The high-affinity receptors for human granulocyte-macrophage colony-stimulating factor (GM-CSF), interleukin-1 (IL-3), and IL-5 are heterodimeric complexes consisting of cytokine-specific alpha subunits and a common signal-transducing beta subunit (h beta c). We have previously demonstrated the oncogenic potential of this group of receptors by identifying constitutively activating point mutations in the extracellular and transmembrane domains of h beta c. We report here a comprehensive screen of the entire h beta c molecule that has led to the identification of additional constitutive point mutations by virtue of their ability to confer factor independence on murine FDC-P1 cells. These mutations were clustered exclusively in a central region of h beta c that encompasses the extracellular membrane-proximal domain, transmembrane domain, and membrane-proximal region of the cytoplasmic domain. Interestingly, most h beta c mutants exhibited cell type-specific constitutive activity, with only two transmembrane domain mutants able to confer factor independence on both murine FDC-P1 and BAF-B03 cells. Examination of the biochemical properties of these mutants in FDC-P1 cells indicated that MAP kinase (ERK1/2), STAT, and JAK2 signaling molecules were constitutively activated. In contrast, only some of the mutant beta subunits were constitutively tyrosine phosphorylated. Taken together; these results highlight key regions involved in h beta c activation, dissociate h beta c tyrosine phosphorylation from MAP kinase and STAT activation, and suggest the involvement of distinct mechanisms by which proliferative signals can be generated by h beta c. (C) 1998 by The American Society of Hematology.

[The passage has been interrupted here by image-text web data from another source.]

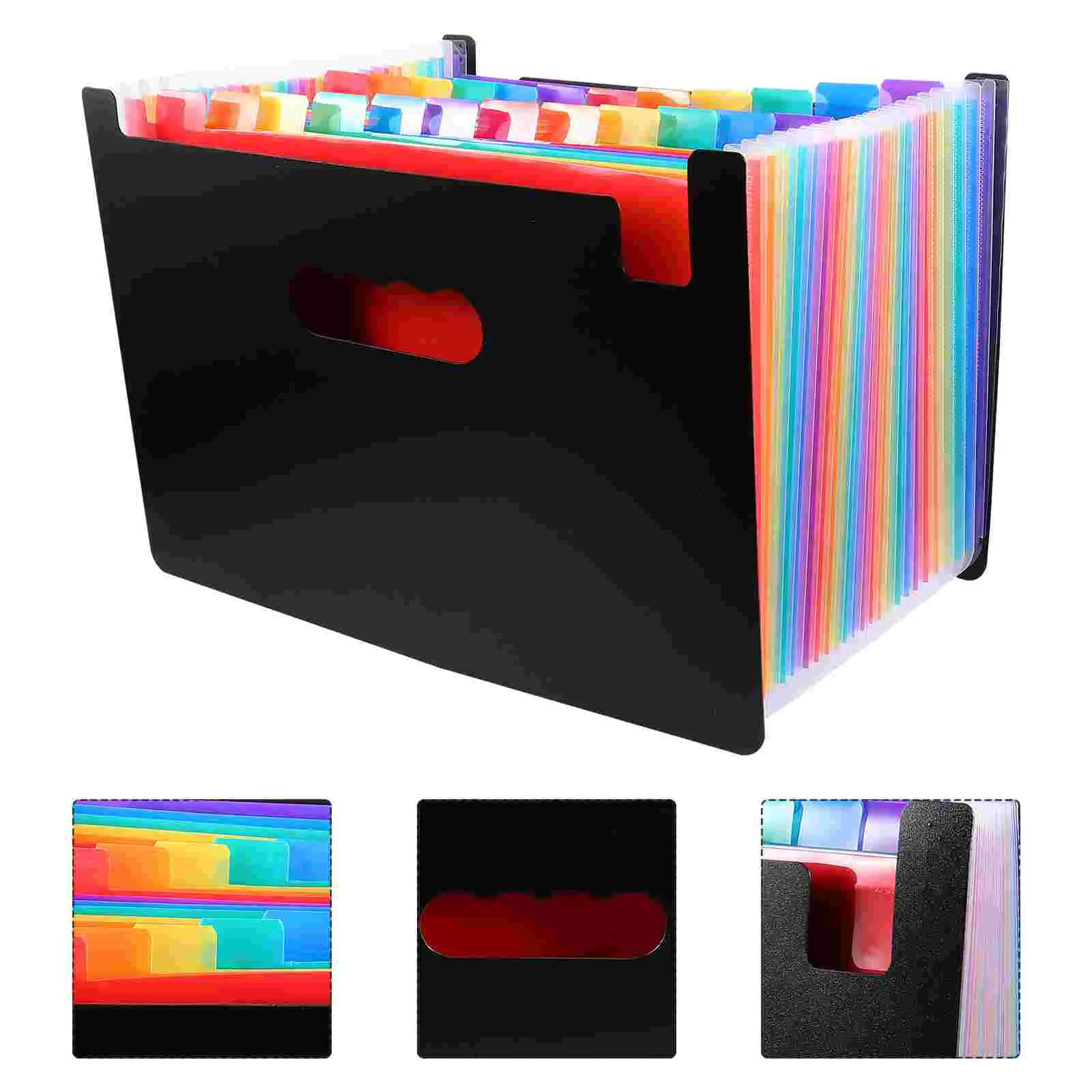 

1Pc Practical File Folder Document Organizer File Classify Folder for Office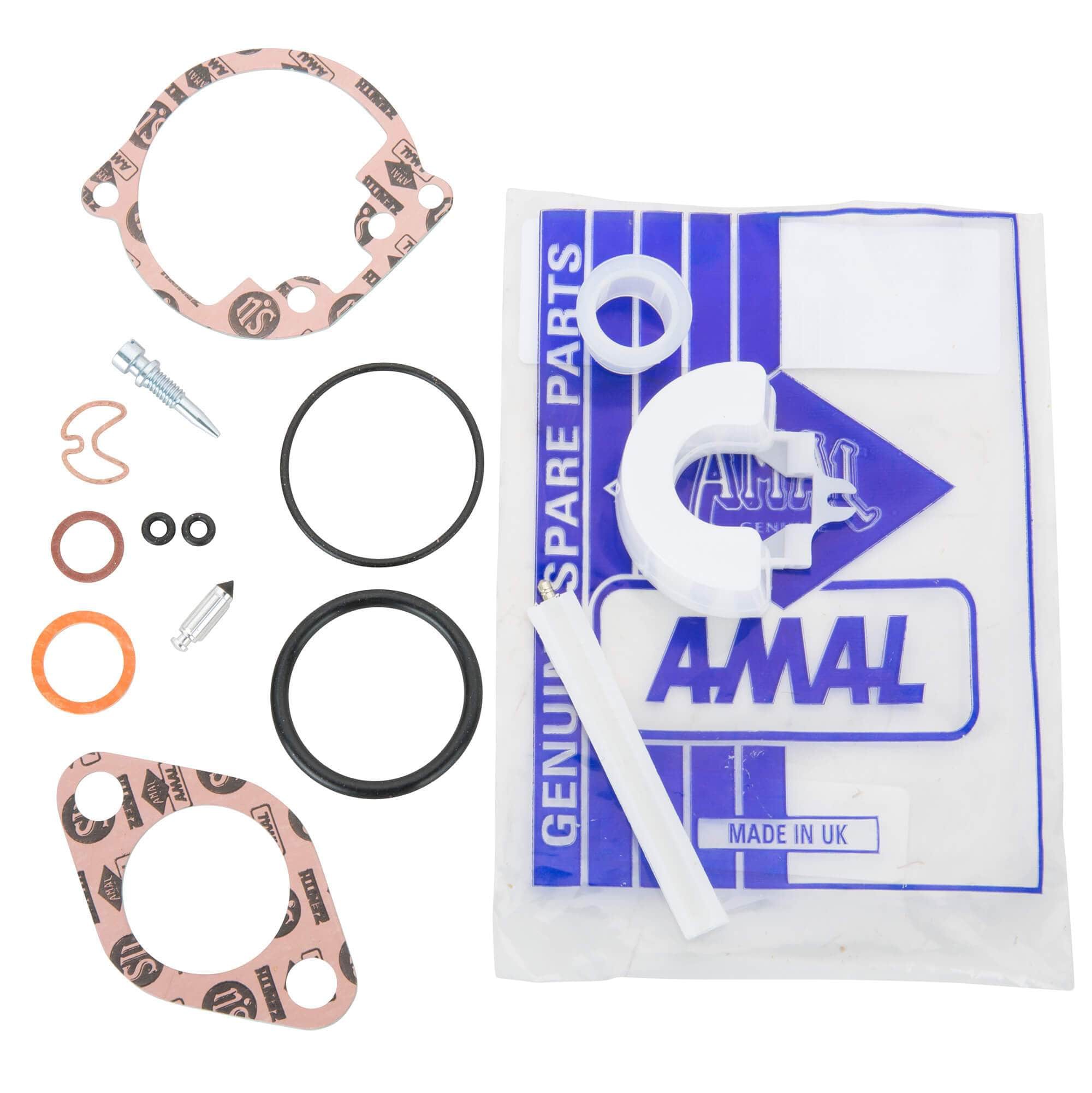 Amal carb 600 900 gasket kit incl O rings dichtsatz 626 928 930 932 concentric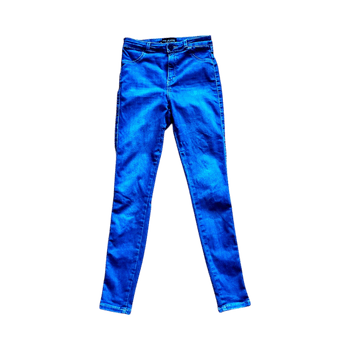 High waist FitJeans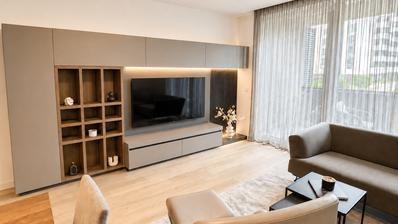 Zagreb, Heinzelova, VMD, four-bedroom apartment 109 m², 2 garage parking spaces, storage room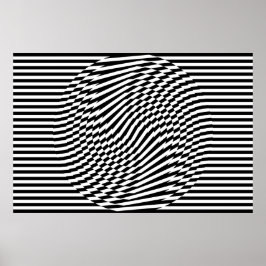 Rand och cirkulär I Poster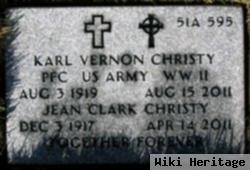 Karl Vernon Christy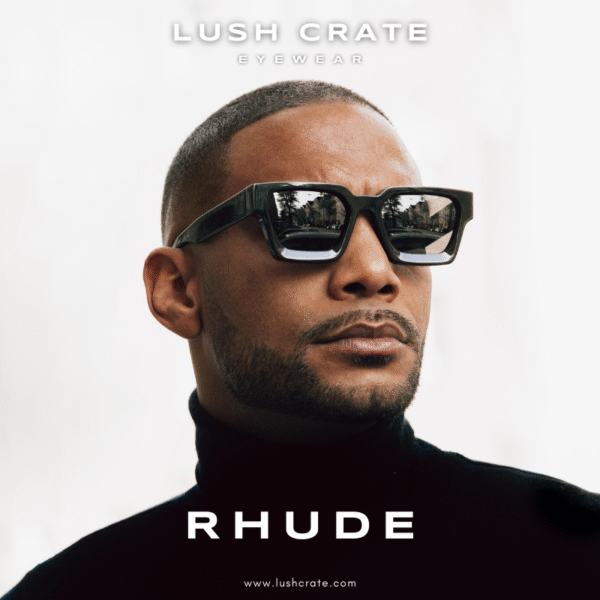RHUDE Retro Polarized Sunglasses - Image 5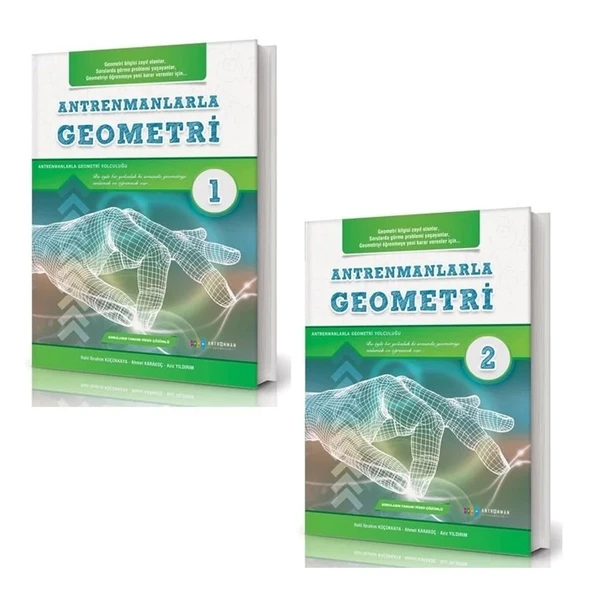 Antrenmanlarla Geometri 1-2 Set 2 Kitap Antrenman Yayınları ürün görseli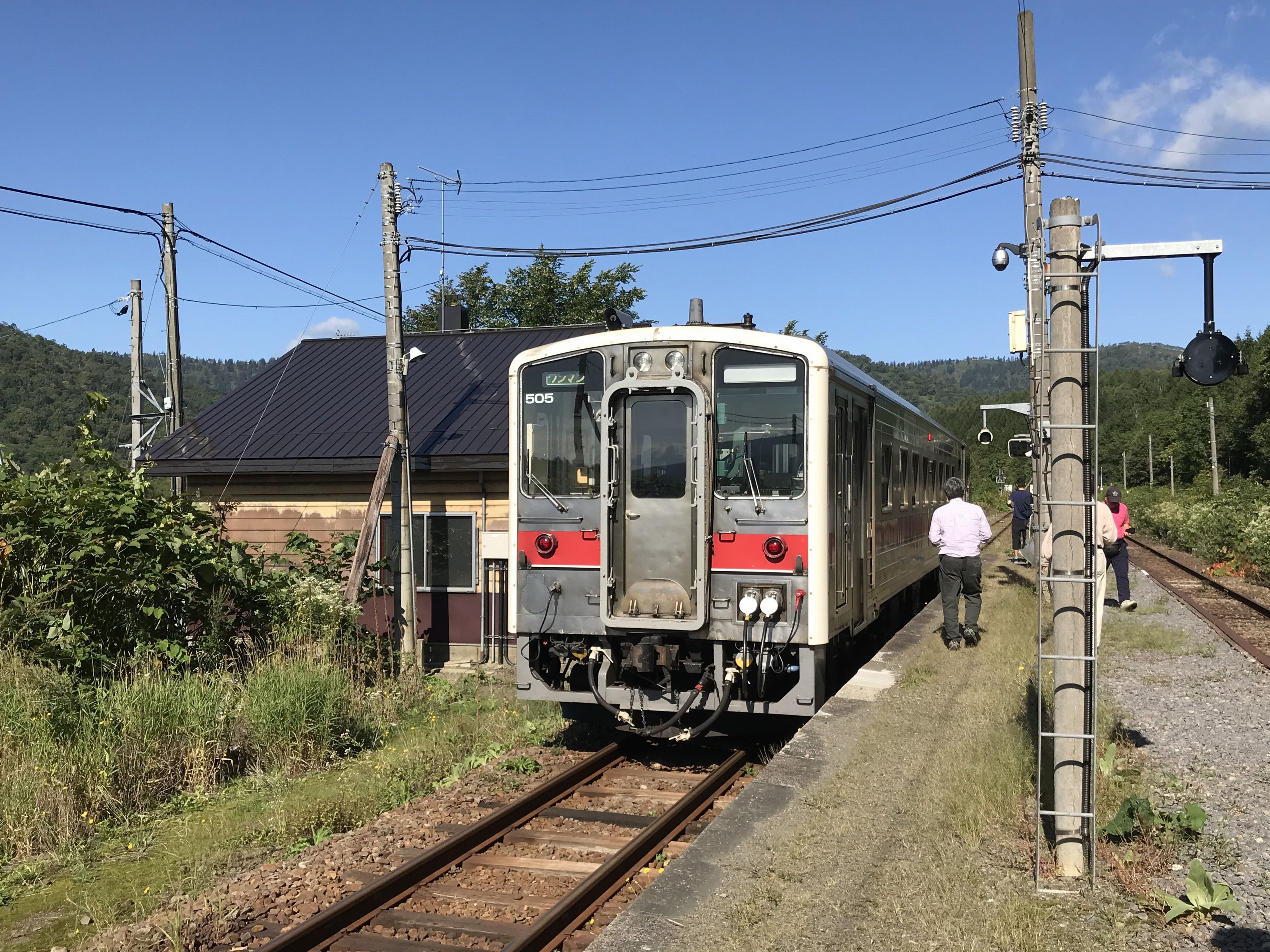 豊清水駅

A cell type-specific constitutive point mutant of the common beta-subunit of the human granulocyte-macrophage colony-stimulating factor (GM-CSF), interleukin (IL)-3, and IL-5 receptors requires the GM-CSF receptor alpha-subunit for activation

The high affinity receptor for human granulocyte-macrophage colony-stimulating factor (GM-CSF) consists of a cytokine-specific alpha-subunit (hGMR alpha) and a common signal-transducing beta-subunit (hpc) that is shared with the interleukin-3 and -5 receptors, We have previously identified a constitutively active extracellular point mutant of hpc, I374N, that can confer factor independence on murine FDC-P1 cells but not BAF-B03 or CTLL-2 cells (Jenkins, B. J., D'Andrea, R. J., and Gonda, T. J. (1995) EMBO J. 14, 4276-4287), This restricted activity suggested the involvement of cell type-specific signaling molecules in the activation of this mutant. We report here that one such molecule is the mouse GMR alpha (mGMR alpha) subunit, since introduction of mGMR alpha, but not hGMR alpha, into BAF-B03 or CTLL-2 cells expressing the I374N mutant conferred factor independence, Experiments utilizing mouse/human chimeric GMR alpha subunits indicated that the species specificity lies in the extracellular domain of GMRa. Importantly, the requirement for mGMR alpha correlated with the ability of I374N (but not wild-type hpc) to constitutively associate with mGMRa. Expression of I374N in human factor-dependent UT7 cells also led to factor-independent proliferation, with concomitant up-regulation of hGMR alpha surface expression. Taken together, these findings suggest a critical role for association with GMR alpha in the constitutive activity of I374N.